Today is the World Day Against Child Labour. Launched in 2002 by The International Labour Organization (ILO) this is a day to focus attention on the global extent of child labour and the action and efforts needed to eliminate it. Each year on 12 June, the World Day brings together governments, employers and workers organisations, civil society, as well as millions of people from around the world to highlight the plight of child labourers and what can be done to help them.
Children on the Edge combat child labour through the development of community led child protection, the provision of quality education and, when the need arises we facilitate more targeted work.
An estimated 1.76 million 5 -17 year olds in Uganda are engaged in Child labour. In and around Jinja where we are have established four child protection programmes, findings indicate that most of these working children have attended some formal education, however there is evidence to suggest that still one in every five working children had no formal education.
These children have very few options and are prone to exploitation and poor conditions of work. Some are engaged in domestic duties, some children beg, wash cars, scavenge, work in the commercial sex industry or sell small items on the streets. Other hazardous activities include construction (particularly brick baking), sand, picking scrap and working at the lake shores.
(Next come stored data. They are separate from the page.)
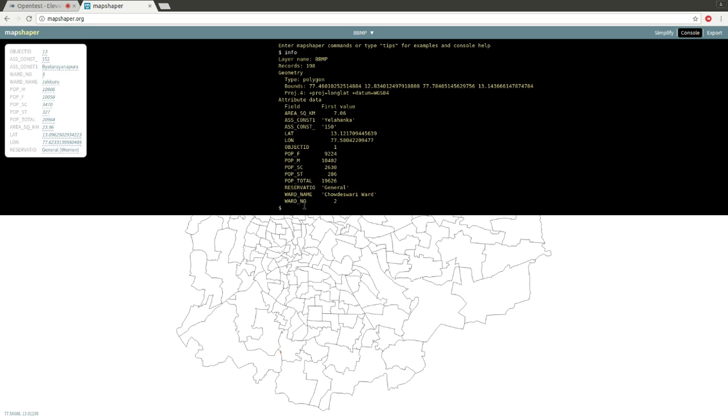In this case, in this example, we want to rename this reservation field which is wrongly spelled as R-E-S-C-R-V-A-T-I-O into the actual spelling 'reservation'. So this is done by using a command called 'rename fields'.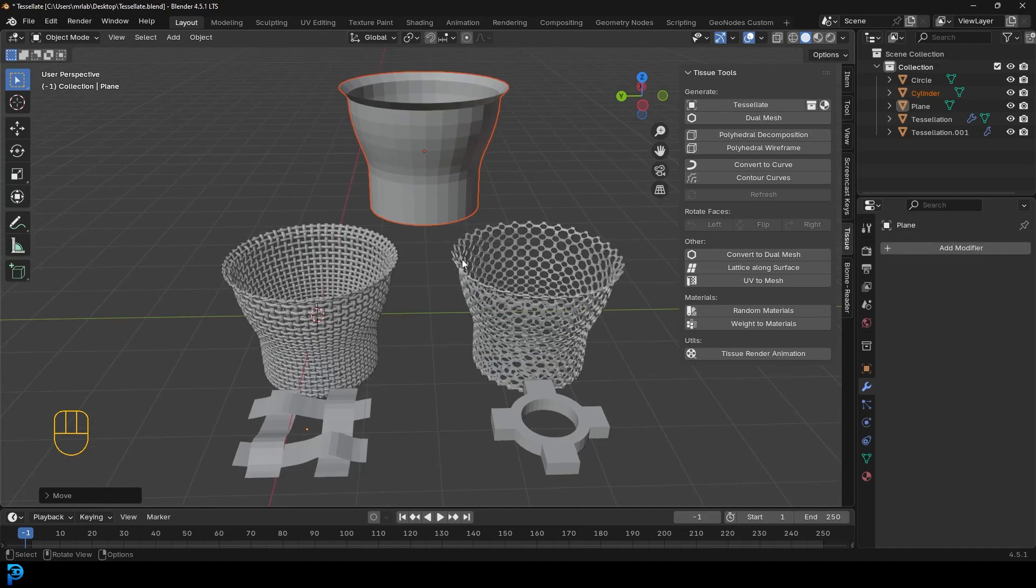Welcome back to the channel and I have a super quick but very cool beginner tutorial for you today in Blender. We're going to be looking at tessellation in Blender.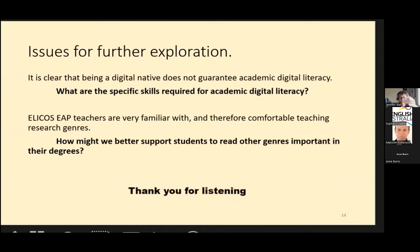And that's the end of my presentation. Thank you for listening. Thanks so much, Jenny. Your research raised so many insightful questions about reading in EAP courses, and it was amazing watching you discover all of these questions along the way as well.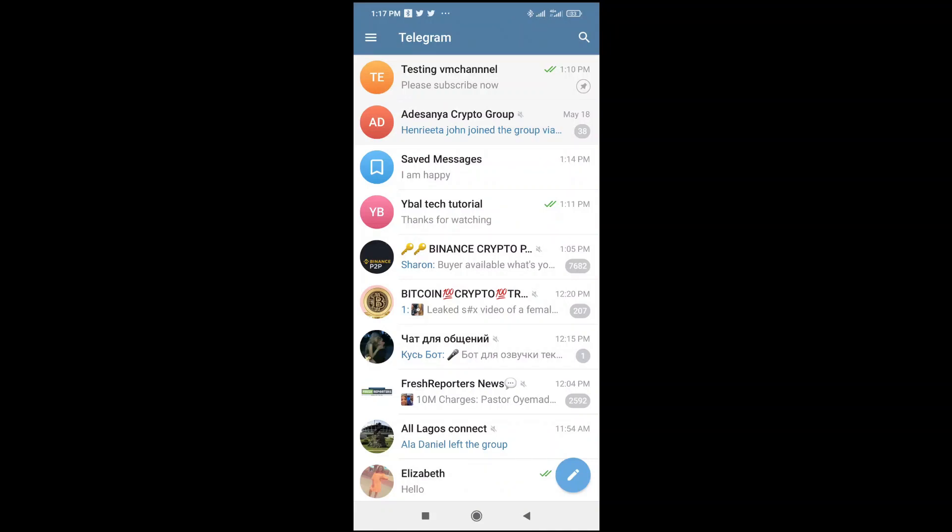Good day everyone. In this video today, I will show you how to send an Excel file in Telegram. To do this, firstly go to the contact which you want to send the Excel file to.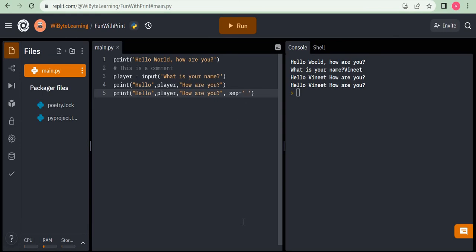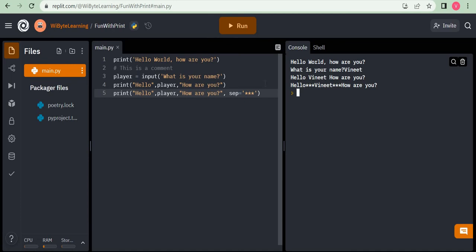I can be quite creative with SEP. For example, I can specify sep equals to three stars to be printed between 'hello', 'player', and 'how are you'. When I run this and enter 'Vineet', I get 'hello***Vineet***how are you'. Remember, the individual elements are not changed — SEP only controls what gets printed in between them. Also note that SEP goes between ALL elements, so it appears between every pair, not just selected ones.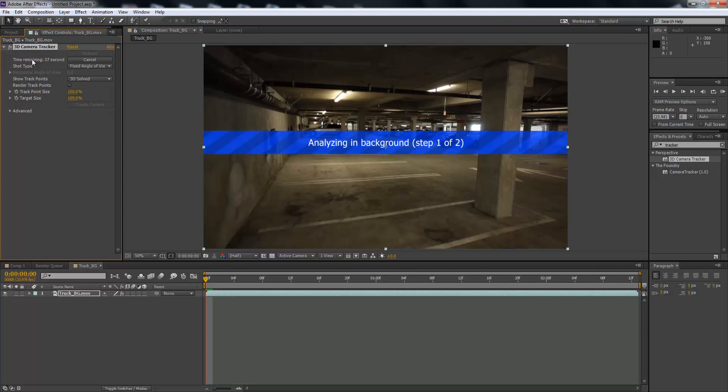And then it has solved the camera, so it shouldn't take too long.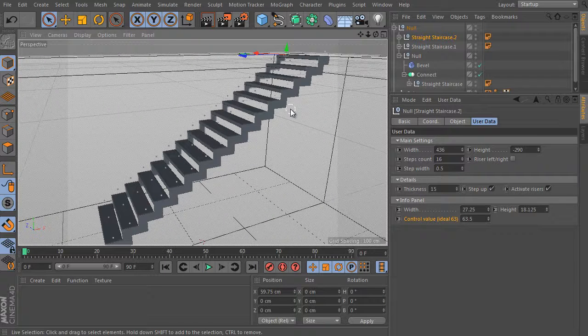That's enough about the straight staircase object. Let's continue to the next chapter of the series, because the spiral staircase is one of the most powerful rigs ever made.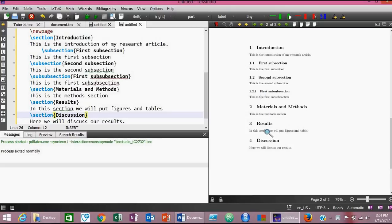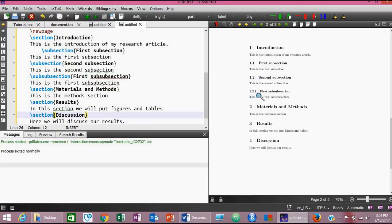After removing the asterisks, click the green button to compile again. You can see that subsections and sub-subsections have been added to the introduction section, and the numberings have been automatically added. Sections are given numbers like 1, 2, 3, and 4, while subsections are given numbers like 1.1 and 1.2, and sub-subsections are given numbers like 1.2.1. This was all for today. Thank you for watching. In the next video I am going to tell you about more advanced functions in LaTeX. Okay, bye.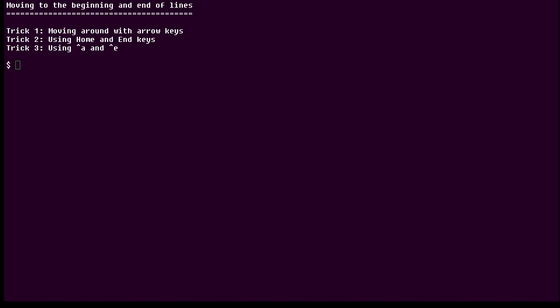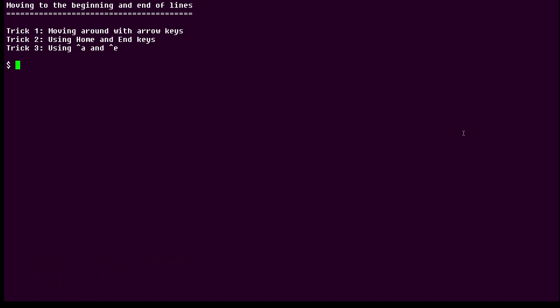Hi, this is Sandra Henry-Stocker, author of the Unix as a Second Language blog on NetworkWorld. In this Linux tip, we're going to see how to move around on the Linux command line. There may be some tricks you don't know.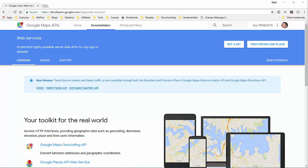Getting a free Google API key is very easy. Just navigate to this address: https://developers.google.com/maps/web-services.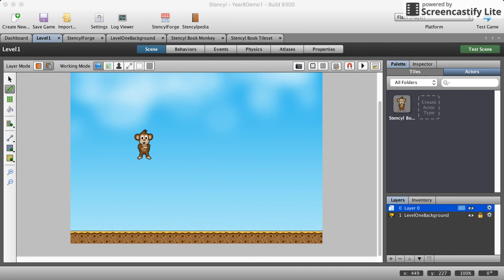All right that's it for this tutorial. Next time we'll look at making a bigger world and also having the camera follow our monkey because our world will be much bigger. Thank you for watching.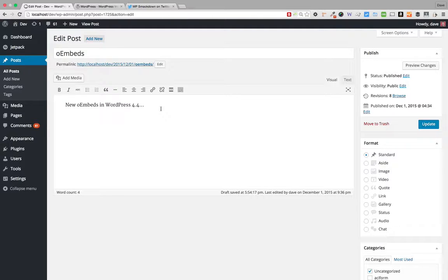WordPress has had that ability for quite some time, but what's changing in WordPress 4.4 is that now any site that follows the oEmbed protocol can be imported. It's not just the list of about 25 to 30 sites that WordPress had approved — now any site that supports the oEmbed protocol you can use and embed in your site.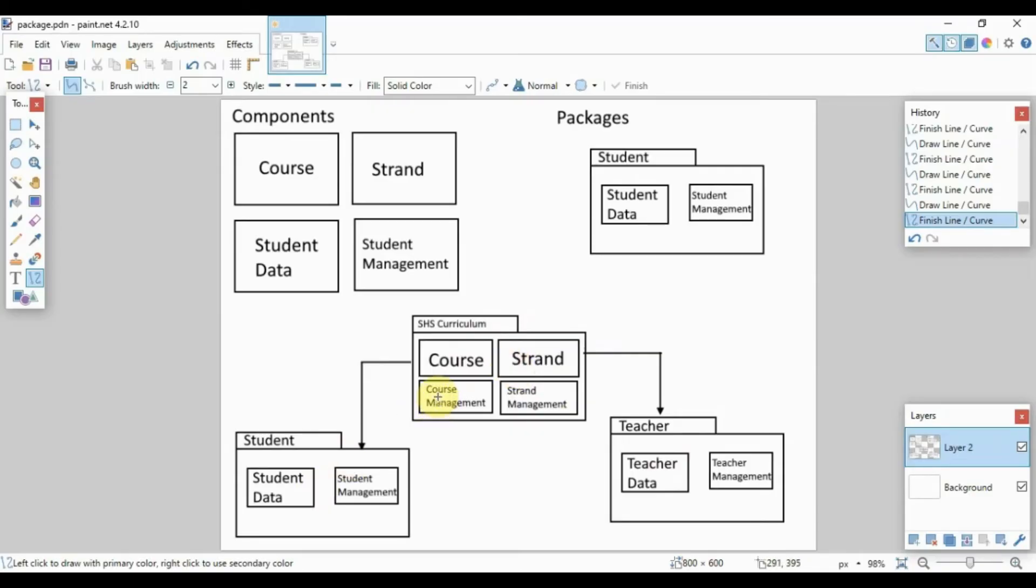So that is the idea here with the package diagram. Okay, so thank you very much for watching and have a good day.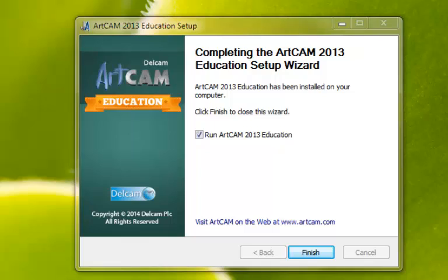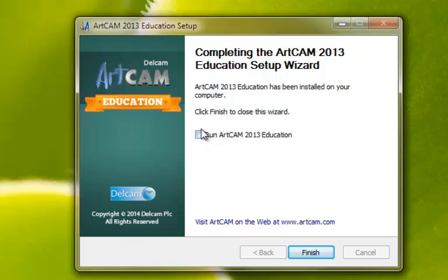Once the installation wizard has completed, you now have the option to run the software. If you do not want to run it automatically on finish, deselect that option with the left mouse button. To finish, left click with the mouse button on the Finish button.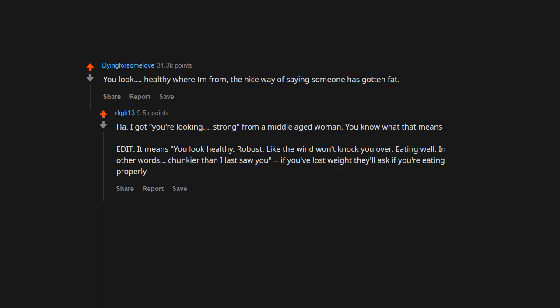Chunkier than I last saw you. If you've lost weight, they'll ask if you're eating properly. Yeah, she wants the D.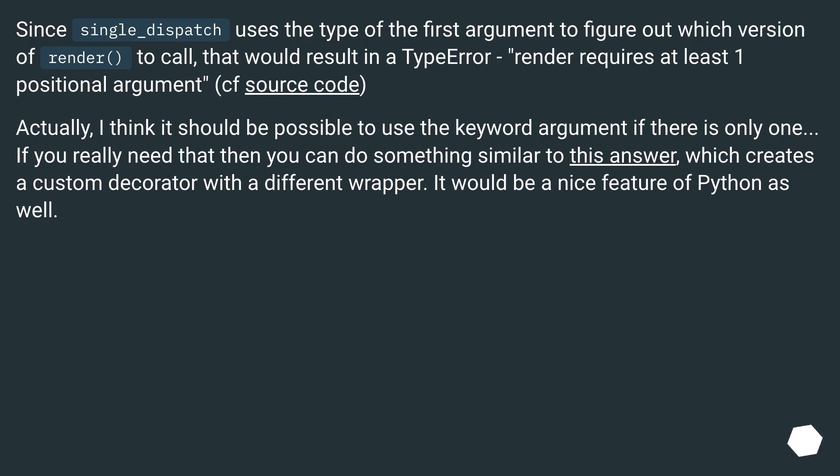Actually, I think it should be possible to use the keyword argument if there is only one. If you really need that, then you can do something similar to this answer, which creates a custom decorator with a different wrapper. It would be a nice feature of Python as well.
During initial consultation with the Child Protection Teams, community members highlighted how children were often neglected and found loitering or searching for charcoal to sell. They are often sent by parents, which is why some awareness work on child exploitation was so important.
In response to this we have conducted a series of workshops in three communities outside Jinja. The objective of the workshops was to create awareness about child exploitation and its effect on a child’s development process, also to sensitize community members about various laws regarding child labour and exploitation.
During the training, participants were encouraged to identify forms of child exploitation in their own area, as well as those who perpetrate it. Each area came up with over 20 different occupations that children were burdened with, along with many scenarios they have witnessed where child labour has caused serious and lasting harm to the children in their communities.
One of our teachers talked about the importance of early childhood development and how if a child’s environment limits opportunities for learning children will be unable to realise their potential. Registration for the Early Childhood Development programme was also going on during the workshop, so not only were carers receiving training about the issues, but they were able to take practical action to protect their children at the same time.